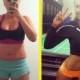 The Changes One Trainer Made To Lose Weight After Years Of Diet And Exercise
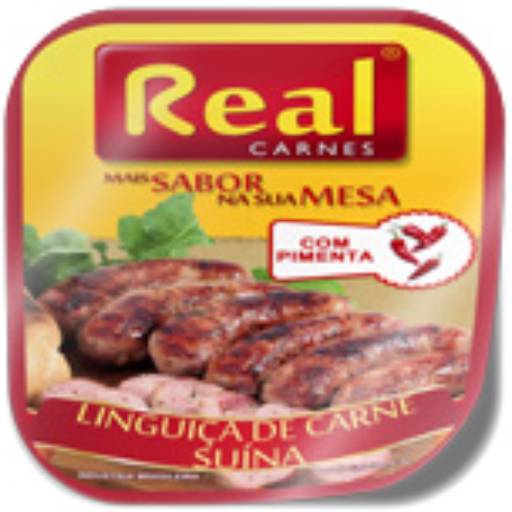 RÓTULO BOBINA FOLHA - VINIL METALIZADO em São José do Rio Preto, SP por Public Gráfica e Brindes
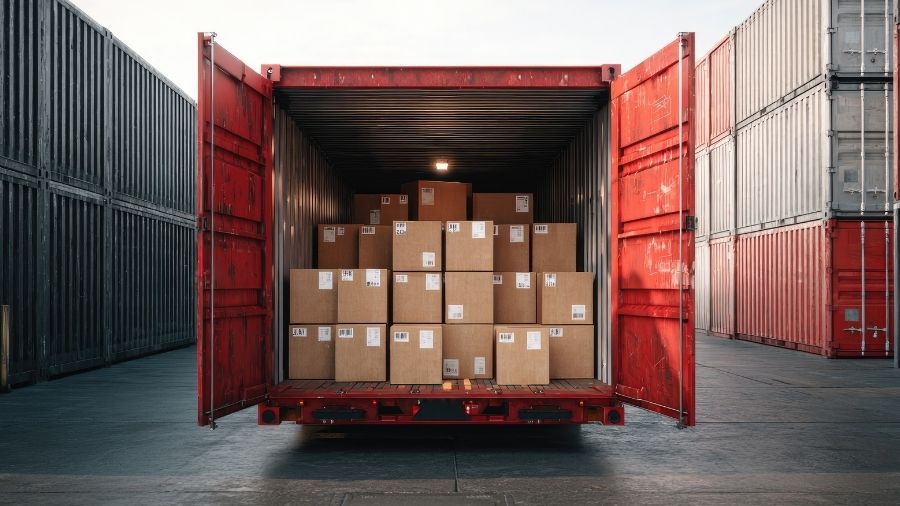 E-kanban di vendita: cos'è e quali sono i vantaggi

***

_WHAT YOU NEED TO DO:_ Could you return the whole listing exactly, with every picture removed?

_RESPONSE AREA:_
 The Changes One Trainer Made To Lose Weight After Years Of Diet And Exercise
 RÓTULO BOBINA FOLHA - VINIL METALIZADO em São José do Rio Preto, SP por Public Gráfica e Brindes
 E-kanban di vendita: cos'è e quali sono i vantaggi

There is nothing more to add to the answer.